Rate This Document
Findability
Accuracy
Completeness
Readability

Executing Spark Services

Use the spark-sql command for operator pushdown on Spark.

In this example, a non-partition TPC-H table with 1 TB data is used as the test table. The test SQL statement is tpch-sql6.

Table 1 lists the related table information.

Table 1 Table information

Table Name

Format

Total Number of Rows

Occupied Space

lineitem

orc

5999989709

169.6 GB

Operations on Spark 3.1.1

Logs of the INFO level are not printed on Spark 3.1.1 (on Yarn). Therefore, log redirection is required for Spark 3.1.1.
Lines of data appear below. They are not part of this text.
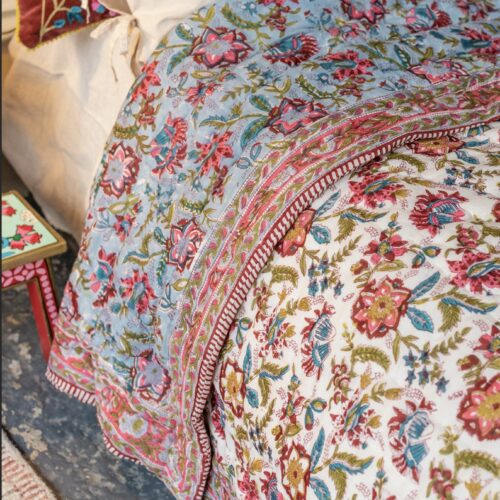 100% Cotton Reversible Vintage Style Bedspread/Quilt – pink, blue, green and gold flowers 100% Cotton Reversible Vintage Style Bedspread/Quilt - pink, blue, green and gold flowers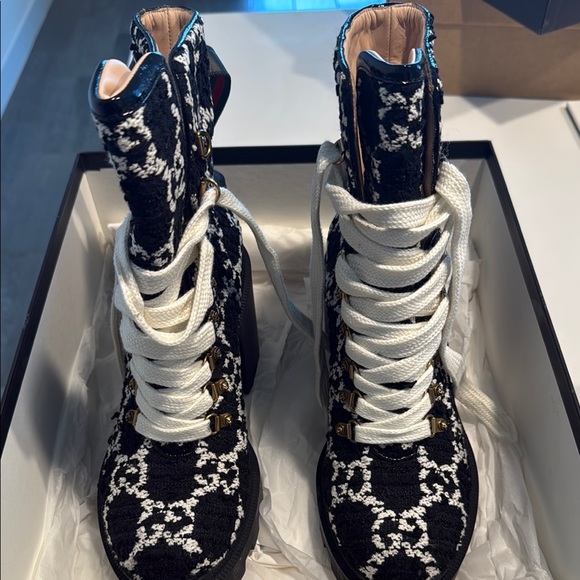 Shoes - Gucci wool boots
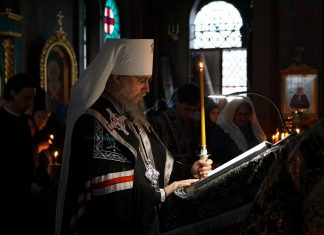 Митрополит Василий совершил Великое повечерие с чтением второй части канона преподобного Андрея Критского в Свято-Троицком соборе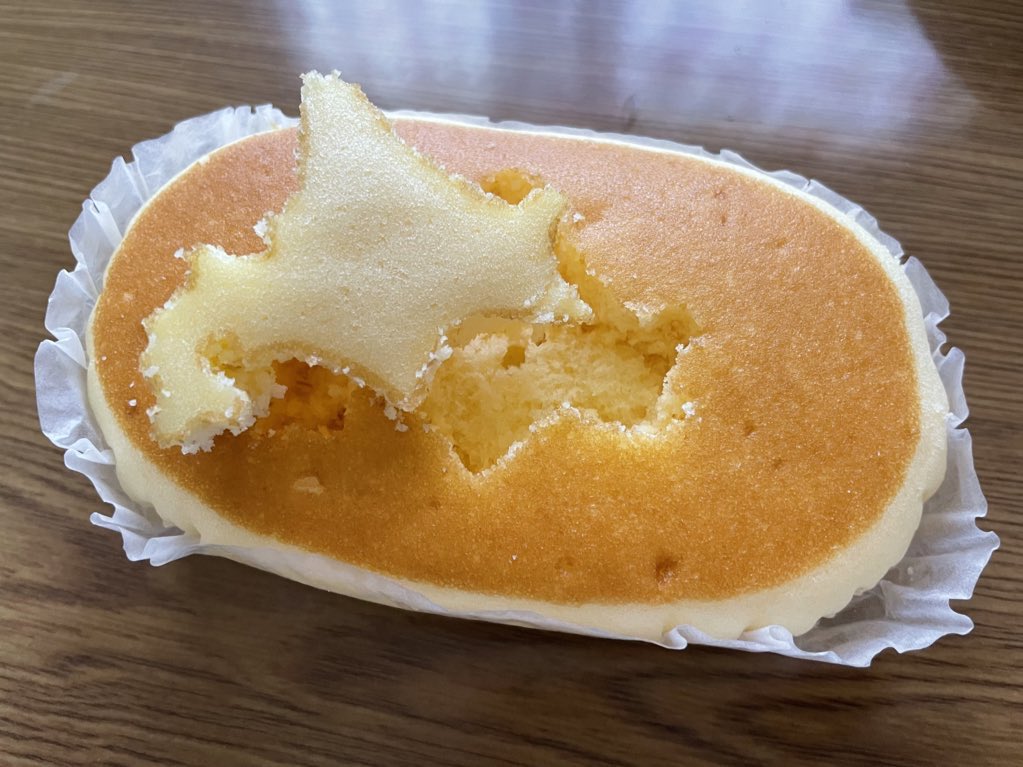 北海道チーズ蒸しケーキから北海道を掘り出すことに成功した様子がこちら 一度はやってみたかったやつ 才能の無駄遣い Togetter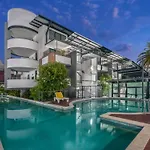 Inner-City Brisbane 1-Bed With Pool Gym & Parking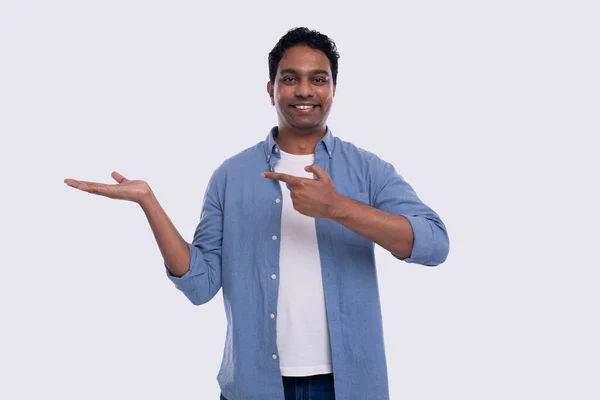 Man houdt hand in hand wijzend naar het kijken naar camera geïsoleerd. Een lachende indiaan. Commercieel, reclamebegrip — Stockfoto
  1. Define the log file log4j.properties in /usr/local/spark/conf.
    log4j.rootCategory=INFO, FILE
    log4j.appender.console=org.apache.log4j.ConsoleAppender
    log4j.appender.console.target=System.err
    log4j.appender.console.layout=org.apache.log4j.PatternLayout
    log4j.appender.console.layout.ConversionPattern=%d{yy/MM/dd HH:mm:ss} %p %c{1}: %m%n
     
    log4j.logger.org.apache.spark.sql.execution=DEBUG
    log4j.logger.org.apache.spark.repl.Main=INFO
     
    log4j.appender.FILE=org.apache.log4j.FileAppender
    log4j.appender.FILE.file=/usr/local/spark/logs/file.log
    log4j.appender.FILE.layout=org.apache.log4j.PatternLayout
     
    log4j.appender.FILE.layout.ConversionPattern=%m%n
  2. Change the value of log4j.appender.FILE.file in the log4j.properties file to the custom directory and file name.
  3. Add --driver-java-options -Dlog4j.configuration=file:/usr/local/spark/conf/log4j.properties when running the spark-sql command, for example:
    /usr/local/spark/bin/spark-sql  --driver-class-path '/opt/boostkit/*' --jars '/opt/boostkit/*' --conf 'spark.executor.extraClassPath=./*' --name tpch_query6.sql --driver-memory 50G --driver-java-options -Dlog4j.configuration=file:/usr/local/spark/conf/log4j.properties --executor-memory 32G --num-executors 30 --executor-cores 18
  4. Run the sql6 statement.
    select
    sum(l_extendedprice * l_discount) as revenue
    from
    tpch_flat_orc_1000.lineitem
    where
    l_shipdate >= '1993-01-01'
    and l_shipdate < '1994-01-01'
    and l_discount between 0.06 - 0.01 and 0.06 + 0.01
     and l_quantity < 25;

    When the task is executed, the pushdown information is printed as follows:

    Selectivity: 0.014160436451808448
    Push down with [PushDownInfo(ListBuffer(FilterExeInfo((((((((isnotnull(l_shipdate#18) AND isnotnull(l_discount#14)) AND isnotnull(l_quantity#12)) AND (l_shipdate#18 >= 8401)) AND (l_shipdate#18 < 8766)) AND (l_discount#14 >= 0.05)) AND (l_discount#14 <= 0.07)) AND (l_quantity#12 < 25.0)),List(l_quantity#12, l_extendedprice#13, l_discount#14, l_shipdate#18))),ListBuffer(AggExeInfo(List(sum((l_extendedprice#13 * l_discount#14))),List(),List(sum#43))),None,Map(server1 -> server1, agent2 -> agent2, agent1 -> agent1))]

    The output contains the pushdown selectivity and operator information.

    Table 2 lists the parameters in the spark-sql command.

    Table 2 OmniData parameters

    Parameter

    Recommended Value

    Description

    --driver-memory

    50G

    Available memory of the driver

    --executor-memory

    32G

    Available memory of the executor

    --num-executors

    30

    Number of started executors. The default value is 2.

    --executor-cores

    18

    Number of CPU cores used by each executor. The default value is 1.

    --driver-class-path

    "/opt/boostkit/*"

    Path of the extra JAR packages to be transferred to the driver.

    --jars

    "/opt/boostkit/*"

    JAR packages to be contained in the driver and executor class paths.

    --conf

    "spark.executor.extraClassPath=./*"

    Set Spark parameters.

    --driver-java-options -Dlog4j.configuration

    file:/usr/local/spark/conf/log4j.properties

    Log4j log configuration file path.